Study material below:

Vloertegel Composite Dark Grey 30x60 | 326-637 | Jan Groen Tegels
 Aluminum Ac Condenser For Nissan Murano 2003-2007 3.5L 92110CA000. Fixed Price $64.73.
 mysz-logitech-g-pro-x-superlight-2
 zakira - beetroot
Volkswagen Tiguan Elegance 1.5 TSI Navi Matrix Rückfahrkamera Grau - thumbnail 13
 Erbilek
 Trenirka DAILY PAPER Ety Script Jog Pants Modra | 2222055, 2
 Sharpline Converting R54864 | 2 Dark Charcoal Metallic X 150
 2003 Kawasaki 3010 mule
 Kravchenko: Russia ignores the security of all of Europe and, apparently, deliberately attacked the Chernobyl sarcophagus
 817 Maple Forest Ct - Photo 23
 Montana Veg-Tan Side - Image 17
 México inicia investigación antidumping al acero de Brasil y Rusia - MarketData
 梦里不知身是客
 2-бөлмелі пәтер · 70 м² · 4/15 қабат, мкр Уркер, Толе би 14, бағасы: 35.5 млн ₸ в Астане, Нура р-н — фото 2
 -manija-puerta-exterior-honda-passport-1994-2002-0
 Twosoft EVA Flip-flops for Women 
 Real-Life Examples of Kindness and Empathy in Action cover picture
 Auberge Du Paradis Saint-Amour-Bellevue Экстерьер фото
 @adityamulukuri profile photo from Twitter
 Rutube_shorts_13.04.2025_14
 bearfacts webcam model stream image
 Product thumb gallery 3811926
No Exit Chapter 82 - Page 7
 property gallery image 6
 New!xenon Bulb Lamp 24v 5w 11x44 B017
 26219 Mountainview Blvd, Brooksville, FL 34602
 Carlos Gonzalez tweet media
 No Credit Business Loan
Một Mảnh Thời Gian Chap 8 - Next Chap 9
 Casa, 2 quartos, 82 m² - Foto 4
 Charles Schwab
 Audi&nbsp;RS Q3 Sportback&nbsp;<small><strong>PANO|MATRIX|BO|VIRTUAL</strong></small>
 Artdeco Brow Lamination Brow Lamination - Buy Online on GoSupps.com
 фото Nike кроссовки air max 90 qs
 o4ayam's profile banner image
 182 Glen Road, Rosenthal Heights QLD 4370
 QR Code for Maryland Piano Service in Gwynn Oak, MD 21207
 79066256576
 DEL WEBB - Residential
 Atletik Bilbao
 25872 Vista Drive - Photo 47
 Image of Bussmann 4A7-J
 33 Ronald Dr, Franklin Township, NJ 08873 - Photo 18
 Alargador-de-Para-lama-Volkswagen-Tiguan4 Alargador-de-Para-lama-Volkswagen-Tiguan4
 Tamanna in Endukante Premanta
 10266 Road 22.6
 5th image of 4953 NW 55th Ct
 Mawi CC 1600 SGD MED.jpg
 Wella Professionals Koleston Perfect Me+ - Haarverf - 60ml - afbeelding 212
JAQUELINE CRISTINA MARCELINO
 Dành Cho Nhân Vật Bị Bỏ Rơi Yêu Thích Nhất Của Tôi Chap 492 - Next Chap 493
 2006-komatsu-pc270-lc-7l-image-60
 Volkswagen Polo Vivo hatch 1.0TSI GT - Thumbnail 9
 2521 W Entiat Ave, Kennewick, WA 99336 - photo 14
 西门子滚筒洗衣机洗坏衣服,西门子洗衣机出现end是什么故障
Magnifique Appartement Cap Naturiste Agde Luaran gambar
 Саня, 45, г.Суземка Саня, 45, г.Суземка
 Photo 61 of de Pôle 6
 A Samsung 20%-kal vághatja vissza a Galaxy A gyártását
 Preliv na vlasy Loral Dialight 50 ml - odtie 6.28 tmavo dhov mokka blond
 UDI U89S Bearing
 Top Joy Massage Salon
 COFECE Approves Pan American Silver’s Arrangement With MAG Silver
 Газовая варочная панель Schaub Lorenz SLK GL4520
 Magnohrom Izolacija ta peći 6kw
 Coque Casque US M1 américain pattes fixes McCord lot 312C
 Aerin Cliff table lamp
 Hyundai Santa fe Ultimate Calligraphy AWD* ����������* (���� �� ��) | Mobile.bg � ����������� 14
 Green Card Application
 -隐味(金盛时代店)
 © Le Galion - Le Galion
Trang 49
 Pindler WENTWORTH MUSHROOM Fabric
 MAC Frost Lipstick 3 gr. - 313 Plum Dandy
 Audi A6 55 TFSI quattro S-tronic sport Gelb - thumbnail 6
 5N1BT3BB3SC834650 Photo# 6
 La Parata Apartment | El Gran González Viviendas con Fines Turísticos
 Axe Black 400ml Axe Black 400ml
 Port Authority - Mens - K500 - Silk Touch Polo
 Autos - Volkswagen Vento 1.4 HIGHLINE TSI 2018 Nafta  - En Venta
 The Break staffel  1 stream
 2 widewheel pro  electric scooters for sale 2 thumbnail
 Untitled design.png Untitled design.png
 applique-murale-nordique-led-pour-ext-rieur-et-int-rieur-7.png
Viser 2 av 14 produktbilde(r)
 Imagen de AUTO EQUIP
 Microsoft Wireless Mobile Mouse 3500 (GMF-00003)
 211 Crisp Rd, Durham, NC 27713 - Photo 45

End of Study material.

» Exercise requirements
Render the whole set of entries again, exactly as given.

» Reply
Vloertegel Composite Dark Grey 30x60 | 326-637 | Jan Groen Tegels
 Aluminum Ac Condenser For Nissan Murano 2003-2007 3.5L 92110CA000. Fixed Price $64.73.
 mysz-logitech-g-pro-x-superlight-2
 zakira - beetroot
Volkswagen Tiguan Elegance 1.5 TSI Navi Matrix Rückfahrkamera Grau - thumbnail 13
 Erbilek
 Trenirka DAILY PAPER Ety Script Jog Pants Modra | 2222055, 2
 Sharpline Converting R54864 | 2 Dark Charcoal Metallic X 150
 2003 Kawasaki 3010 mule
 Kravchenko: Russia ignores the security of all of Europe and, apparently, deliberately attacked the Chernobyl sarcophagus
 817 Maple Forest Ct - Photo 23
 Montana Veg-Tan Side - Image 17
 México inicia investigación antidumping al acero de Brasil y Rusia - MarketData
 梦里不知身是客
 2-бөлмелі пәтер · 70 м² · 4/15 қабат, мкр Уркер, Толе би 14, бағасы: 35.5 млн ₸ в Астане, Нура р-н — фото 2
 -manija-puerta-exterior-honda-passport-1994-2002-0
 Twosoft EVA Flip-flops for Women 
 Real-Life Examples of Kindness and Empathy in Action cover picture
 Auberge Du Paradis Saint-Amour-Bellevue Экстерьер фото
 @adityamulukuri profile photo from Twitter
 Rutube_shorts_13.04.2025_14
 bearfacts webcam model stream image
 Product thumb gallery 3811926
No Exit Chapter 82 - Page 7
 property gallery image 6
 New!xenon Bulb Lamp 24v 5w 11x44 B017
 26219 Mountainview Blvd, Brooksville, FL 34602
 Carlos Gonzalez tweet media
 No Credit Business Loan
Một Mảnh Thời Gian Chap 8 - Next Chap 9
 Casa, 2 quartos, 82 m² - Foto 4
 Charles Schwab
 Audi&nbsp;RS Q3 Sportback&nbsp;<small><strong>PANO|MATRIX|BO|VIRTUAL</strong></small>
 Artdeco Brow Lamination Brow Lamination - Buy Online on GoSupps.com
 фото Nike кроссовки air max 90 qs
 o4ayam's profile banner image
 182 Glen Road, Rosenthal Heights QLD 4370
 QR Code for Maryland Piano Service in Gwynn Oak, MD 21207
 79066256576
 DEL WEBB - Residential
 Atletik Bilbao
 25872 Vista Drive - Photo 47
 Image of Bussmann 4A7-J
 33 Ronald Dr, Franklin Township, NJ 08873 - Photo 18
 Alargador-de-Para-lama-Volkswagen-Tiguan4 Alargador-de-Para-lama-Volkswagen-Tiguan4
 Tamanna in Endukante Premanta
 10266 Road 22.6
 5th image of 4953 NW 55th Ct
 Mawi CC 1600 SGD MED.jpg
 Wella Professionals Koleston Perfect Me+ - Haarverf - 60ml - afbeelding 212
JAQUELINE CRISTINA MARCELINO
 Dành Cho Nhân Vật Bị Bỏ Rơi Yêu Thích Nhất Của Tôi Chap 492 - Next Chap 493
 2006-komatsu-pc270-lc-7l-image-60
 Volkswagen Polo Vivo hatch 1.0TSI GT - Thumbnail 9
 2521 W Entiat Ave, Kennewick, WA 99336 - photo 14
 西门子滚筒洗衣机洗坏衣服,西门子洗衣机出现end是什么故障
Magnifique Appartement Cap Naturiste Agde Luaran gambar
 Саня, 45, г.Суземка Саня, 45, г.Суземка
 Photo 61 of de Pôle 6
 A Samsung 20%-kal vághatja vissza a Galaxy A gyártását
 Preliv na vlasy Loral Dialight 50 ml - odtie 6.28 tmavo dhov mokka blond
 UDI U89S Bearing
 Top Joy Massage Salon
 COFECE Approves Pan American Silver’s Arrangement With MAG Silver
 Газовая варочная панель Schaub Lorenz SLK GL4520
 Magnohrom Izolacija ta peći 6kw
 Coque Casque US M1 américain pattes fixes McCord lot 312C
 Aerin Cliff table lamp
 Hyundai Santa fe Ultimate Calligraphy AWD* ����������* (���� �� ��) | Mobile.bg � ����������� 14
 Green Card Application
 -隐味(金盛时代店)
 © Le Galion - Le Galion
Trang 49
 Pindler WENTWORTH MUSHROOM Fabric
 MAC Frost Lipstick 3 gr. - 313 Plum Dandy
 Audi A6 55 TFSI quattro S-tronic sport Gelb - thumbnail 6
 5N1BT3BB3SC834650 Photo# 6
 La Parata Apartment | El Gran González Viviendas con Fines Turísticos
 Axe Black 400ml Axe Black 400ml
 Port Authority - Mens - K500 - Silk Touch Polo
 Autos - Volkswagen Vento 1.4 HIGHLINE TSI 2018 Nafta  - En Venta
 The Break staffel  1 stream
 2 widewheel pro  electric scooters for sale 2 thumbnail
 Untitled design.png Untitled design.png
 applique-murale-nordique-led-pour-ext-rieur-et-int-rieur-7.png
Viser 2 av 14 produktbilde(r)
 Imagen de AUTO EQUIP
 Microsoft Wireless Mobile Mouse 3500 (GMF-00003)
 211 Crisp Rd, Durham, NC 27713 - Photo 45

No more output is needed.